Site-to-Site Connectivity in F5 Distributed Cloud Network Connect – Reference Architecture
Purpose
This guide describes the reference architecture for deploying F5 Distributed Cloud’s (XC) Multicloud Network Connect service to interconnect their workload across private connectivity or the internet. It enumerates the options available to an F5 Distributed Cloud user to configure site-to-site connectivity using F5 XC Customer Edges (CEs) and explains them in detail to help the user make informed decisions to choose the correct topology for their use case.
Audience
This guide is for technical readers, including network admins and architects who want to understand how the Multicloud Network Connect service works and what network topology they must use to interconnect their workloads across data centers, branches, and public clouds.
This guide assumes the reader is familiar with networking concepts like routing, default gateway configurations, IPSec and SSL encryption, and private connectivity solutions provided by public clouds like AWS Direct Connect and Azure Express Route.
Introduction
Ensuring workload reachability across data centers, branches, and/or public cloud can be challenging and operationally complex if done in the traditional way. The network teams must design, configure, and maintain multiple networking and security equipment and need expertise across many vendor solutions that provide functionality like NAT, SD-WAN, VPN, firewalls, access control lists (ACLs), etc. This gets even more nuanced while connecting two networks that have overlapping IP address CIDRs which is often in the case of hybrid cloud deployments and during mergers and acquisitions.
F5 XC Multicloud Network Connect provides a simple way to configure these interconnections and manage access and security policies across multiple heterogeneous environments, from a single console.
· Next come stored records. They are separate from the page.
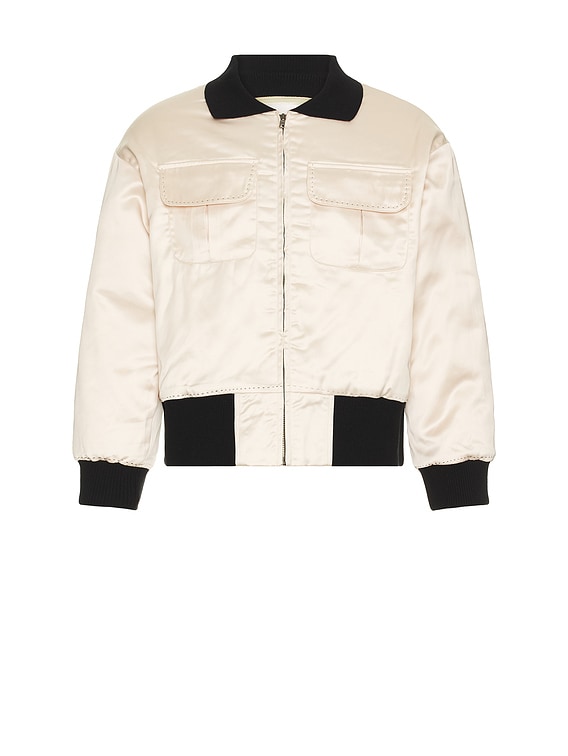 Found Daman Satin Jacket in Cream & Black | FWRD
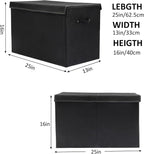 popoly Large Toy Box Chest Storage with Flip-Top Lid, Collapsible Kids Storage Boxes Container Bins for Toys, Playroom Organizers, 25"x13" x16" (Linen Black)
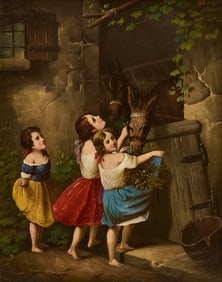 Three Children at Horse Stable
It abstracts the complexities by taking the user intent and automating the underlying networking and security while providing the flexibility to choose to connect over a private network or the public internet.
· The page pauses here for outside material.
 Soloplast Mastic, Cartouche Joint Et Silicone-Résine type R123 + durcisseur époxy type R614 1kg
Customer Edge as a Gateway
To provide site-to-site reachability and ensure enforcement of the security policies, traffic must flow through the CE site. For this, the CE’s Site Local Inside (SLI) IP address must be used as the default gateway or as the next hop to reach the networks on other sites.
Figure: Using CE as the gateway
Physical vs. Logical Connectivity
Two or more CE sites can be physically connected in multiple ways. But this does not automatically allow networks on different sites to be L3 routable to each other by default. For this, the user must associate networks with segments.
The physical connection dictates the path the packets will take while going from one site to the other, and the logical connection connects the VLANs (on-prem) and the VPCs/VNETs (in the public cloud) using network overlay and provides segmentation.
Note: Multicloud Network Connect provides Layer 3 connectivity between networks. Configuring L3 connectivity is not required to have app-to-app connectivity across the sites. This is done using the distributed load balancer feature under App Connect.
Physical Transit Options
Over F5 Global Network Backbone
A CE site is always connected to the two nearest Regional Edges (REs) for redundancy, using IPSec or SSL tunnels. The REs across different regions are connected via a global, private F5 backbone network. F5’s global network backbone provides high-speed, private transit across regions where Regional Edges are located. Users can use the CE-RE tunnels over the internet to securely connect to this backbone locally and leverage the private connectivity to connect across regions.
Figure: Default CE-CE connectivity over REs and F5 network backbone
Pros:
- No need to manage underlay networking if using CE-RE tunnels over the internet.
- High-speed private transit between geographically distant regions, at no extra cost.
- End-to-end encryption of traffic between sites.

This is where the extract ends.